# Kittens ;o)



## LousKoonz (Feb 9, 2008)

Thought i'd let everyone know that my beautiful Lady Panther had 9!! kittens between half 1 and half 4 this morning x

all good weights, smallest is 85g and biggest is 140g

once mums had some kip and kittens are completely dry i'll colour and sex them x

will also then take pics  x


----------



## Elmstar (Apr 7, 2008)

NINE!! Wow, that's a handful 

Congratulations, I can't wait to see the pics.


----------



## Kathryn1 (Jan 30, 2009)

Congratulations, you certainly have your handsful. Cant wait for some pics xx


----------



## LousKoonz (Feb 9, 2008)

Thanks girls xx

Well we have a variety here :lol: x

1 x Blue Tortie/Torbie (Silver?) Girl

2 x Black Solid Boys

1 x Blue Solid (Smoke?) Boy

1 x Blue Tabby Boy - could be blue silver

3 x Black Tabby Boys 

1 x Black Smoke Boy

however this is subject to change still :lol: xx

Noisy bunch!! x


----------



## ChinaBlue (Feb 3, 2008)

WOW NINE! Looking forward to seeing the photos. Congrats!


----------



## Guest (Mar 7, 2009)

WOW! 9!!!! well done mum!

Are you going to have to top up?


----------



## abbscats (Nov 8, 2008)

OMG 9!!! How wonderful, fantastic news - well done cant wait to see piccys of them all. Congratulations xx:thumbup:


----------



## LousKoonz (Feb 9, 2008)

thanks girls xx

One of them i am yes, he's not much smaller but not as strong as the others x hopefully i can help him get stronger though xx

However don't need to worry about the lone girl - nicknamed her scrappy doo already - moany and scrapping constantly lol x


----------



## Superpettoysrus.com (Nov 23, 2008)

awww wow...what an exciting time in your house


----------



## hstar (Dec 21, 2007)

oh wow 9!! 
cant wait to see the pics
congratulations
:thumbup:


----------



## spid (Nov 4, 2008)

Brilliant - 9 wow!!! Congratulations:thumbup:


----------



## LousKoonz (Feb 9, 2008)

montage of kittens - it's like a mad jumble lol x

will take individual ones in the next couple of days


----------



## lauren001 (Jun 30, 2008)

They look big and healthy. 
Fingers crossed for the weaker one.


----------



## LousKoonz (Feb 9, 2008)

He's not weak really, just going to find it much harder bless him with all the big bullies lol x he'll be ok though hopefully, he's being watched closely lol x


----------



## vickie1985 (Feb 18, 2009)

9! my god!

all looks great, enjoy them


----------



## lauren001 (Jun 30, 2008)

That's good to hear, I'm sure he'll do just fine.


----------



## hstar (Dec 21, 2007)

awwwwwww she looks drunk in the first pic bless..lol
mind you i would after giving birth to nine babies.
great pics
xxx


----------



## poshcats (May 17, 2008)

Congratulations on the kittens, Mummy looks so happy although she will have her paws full!!!

Lynne
x


----------



## Alansw8 (May 25, 2008)

Well done bet they are all a handfull as they grow


----------



## lymorelynn (Oct 4, 2008)

Oh wow - nine! Fantastic - well done Lady Panther, poor thing she must be worn out or she soon will be with all that lot 
They look lovely Lou. Congratulations


----------



## bluechip (Dec 26, 2008)

oh i love them they are so cute.

good luck with them all and hope mum gets some rest but 9 kittys bless her she has her work cut out.

love the picks as well.


----------



## LousKoonz (Feb 9, 2008)

Thanks everyone xx

She's doing so well bless her, she's had slightly less sleep than me aswell! (i've had 20 minutes literally!!)
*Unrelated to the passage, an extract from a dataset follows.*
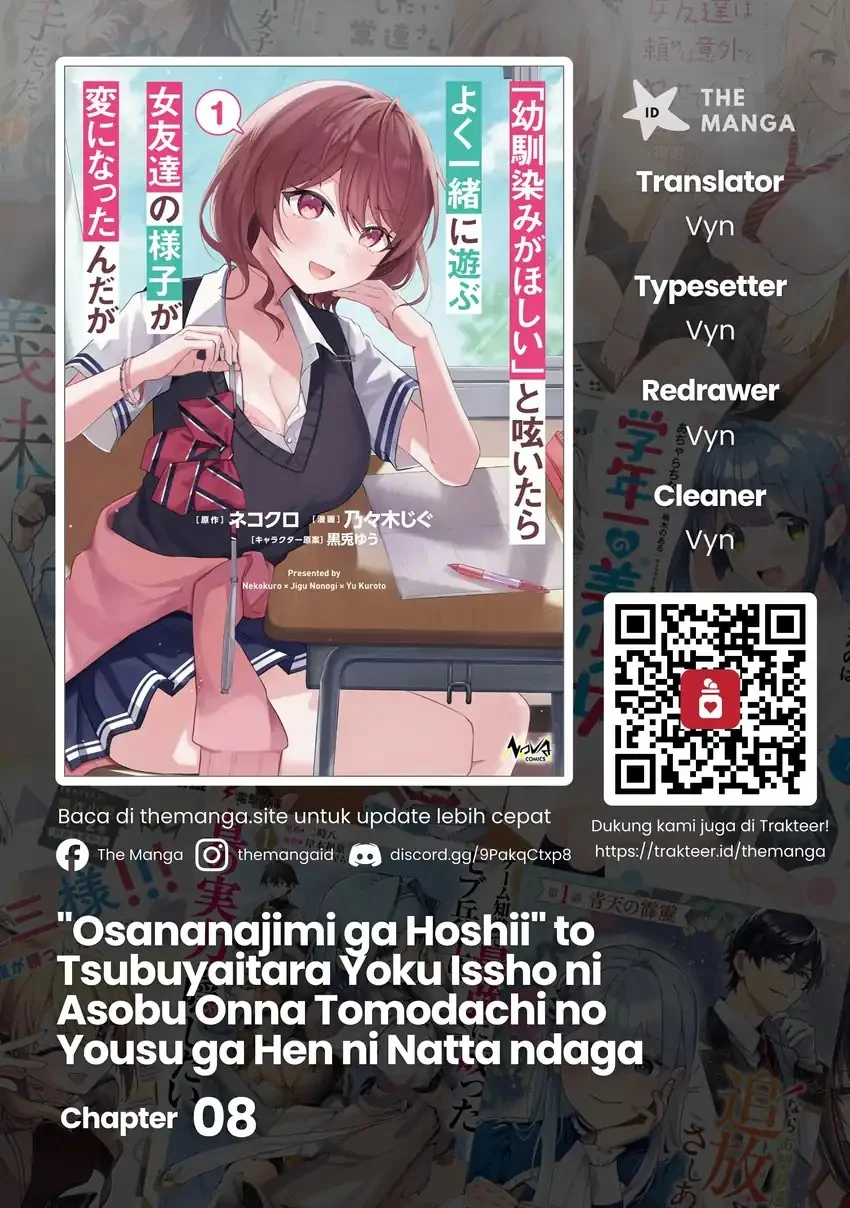 Komik “Osananajimi ga Hoshii” to Tsubuyaitara Yoku Issho ni Asobu Onna Tomodachi no Yousu ga Hen ni Nattanda ga Chapter 8 gambar 1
little boy has latched and fed from mum now - i think my small top ups helped him to fight a bit more - less worried now, just gotta keep helping him with the bullies, which incidently is the 2 large black solids and the girl!! lol x


----------



## Mochali (Sep 29, 2008)

You're going to have so much fun in a few weeks  Congrats!


----------



## LousKoonz (Feb 9, 2008)

Mochali said:


> You're going to have so much fun in a few weeks  Congrats!


lol, tell me about it!! but it'll be worth it  xx


----------



## deedeedee (Apr 2, 2008)

Congratulations Lou XX they are gorgeous!!!!!!!! - may have to pinch one (or 2 or 3....)

D xx


----------



## suzy93074 (Sep 3, 2008)

Congratulation!!! they look gorgeous welldone to mum xxx keep us updated wiv picciesxx:biggrin:


----------



## thumbs (Mar 4, 2009)

9, :dear god! poor lass, its a good job she has you to help her:thumbup1:. congrats Lady Panther, and to you. good luck also, for in a few weeks its gonna be mayhem! was bad enough with my 5 kittens last summer, but 9!!!!!!!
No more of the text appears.